Return the full set of entries below exactly, leaving every image out.

Extracted data entries:
- Opening Delimiter -

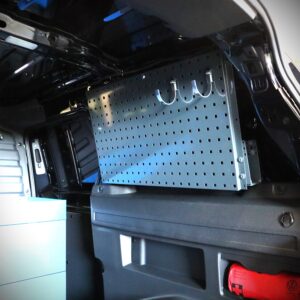 Työkalutaulu pakettiauton volkswagen id buzz oikealle sivuseinällä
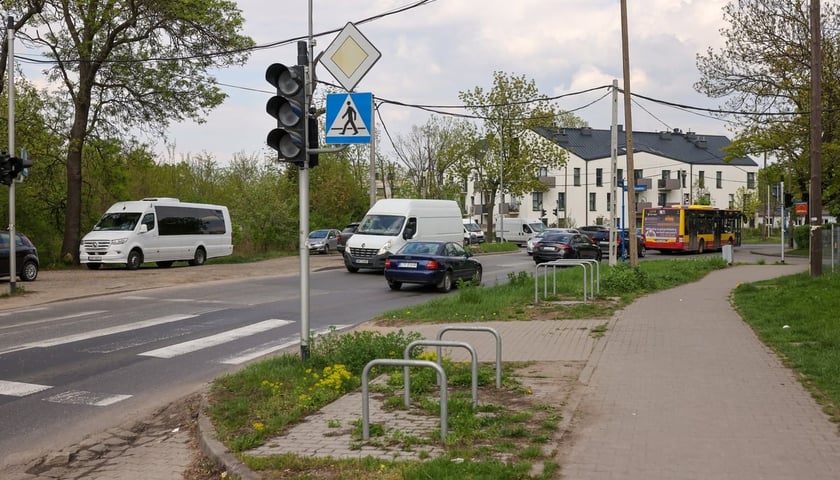Okolice skrzyżowania Awicenny, Wiejskiej i Mokronoskiej przeznaczonym do przebudowy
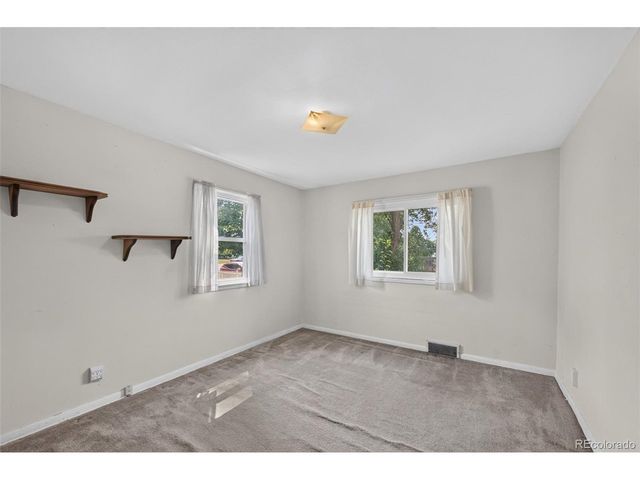 10831 Lowry Pl, Aurora, CO 80010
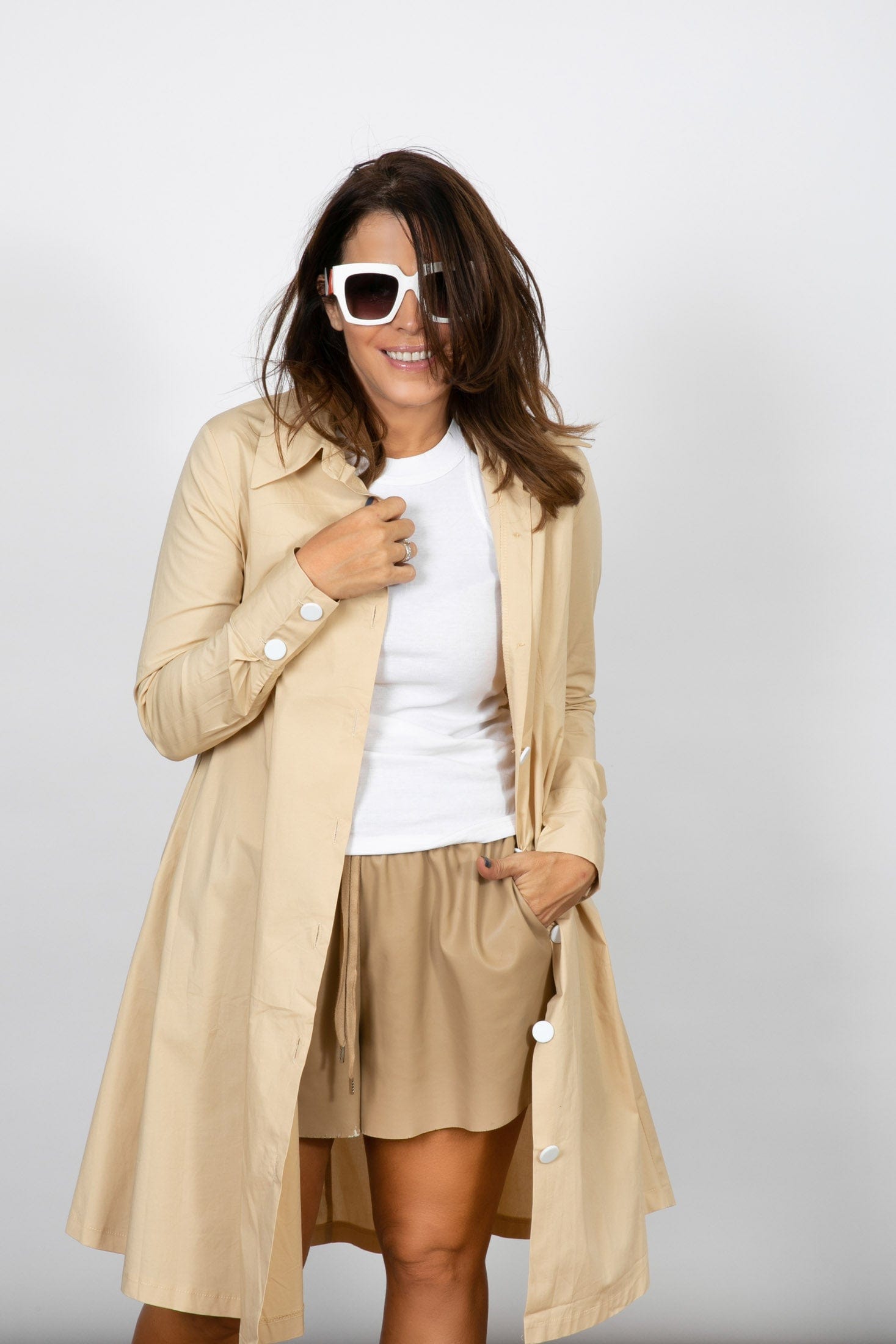 SABIA שמלת מיני כפתורים קאמל image 4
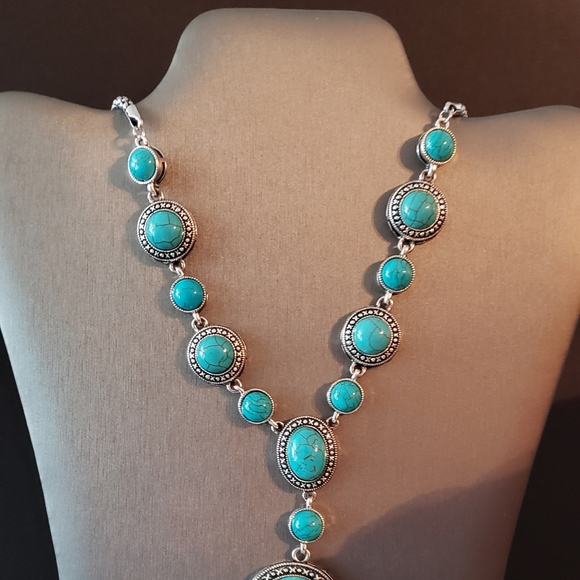 Jewelry - Picture 2 of 14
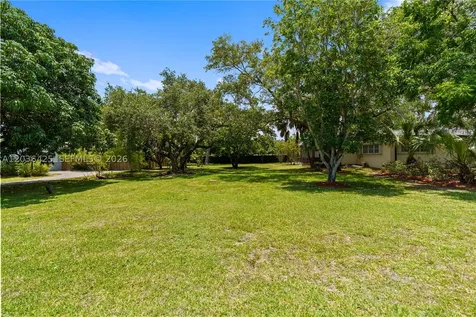 15200 SW 88th Avenue Palmetto Bay FL 33157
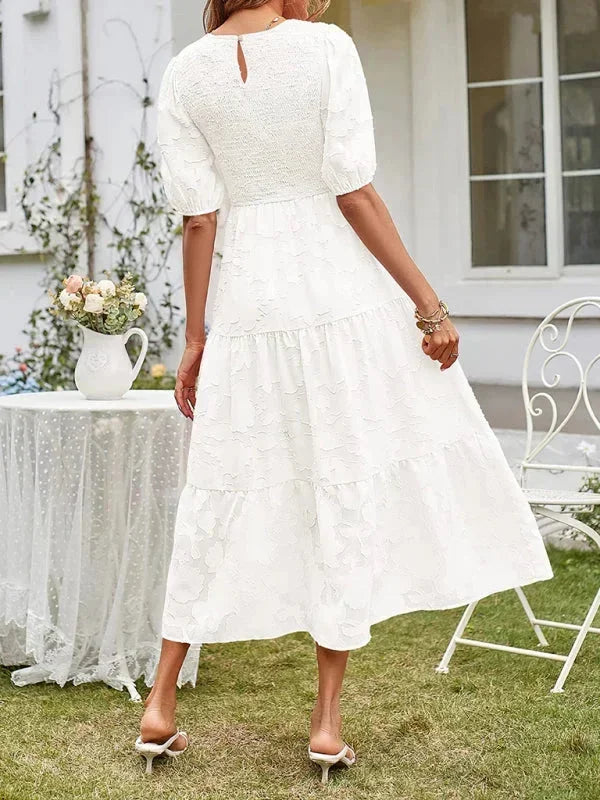 Robe midi texturée pour femme, manches courtes avec volants, en tissu doux et léger, idéale pour les journées ensoleillées.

- Closing Delimiter -

● Written solution
 Työkalutaulu pakettiauton volkswagen id buzz oikealle sivuseinällä
Okolice skrzyżowania Awicenny, Wiejskiej i Mokronoskiej przeznaczonym do przebudowy
 10831 Lowry Pl, Aurora, CO 80010
 SABIA שמלת מיני כפתורים קאמל image 4
 Jewelry - Picture 2 of 14
 15200 SW 88th Avenue Palmetto Bay FL 33157
 Robe midi texturée pour femme, manches courtes avec volants, en tissu doux et léger, idéale pour les journées ensoleillées.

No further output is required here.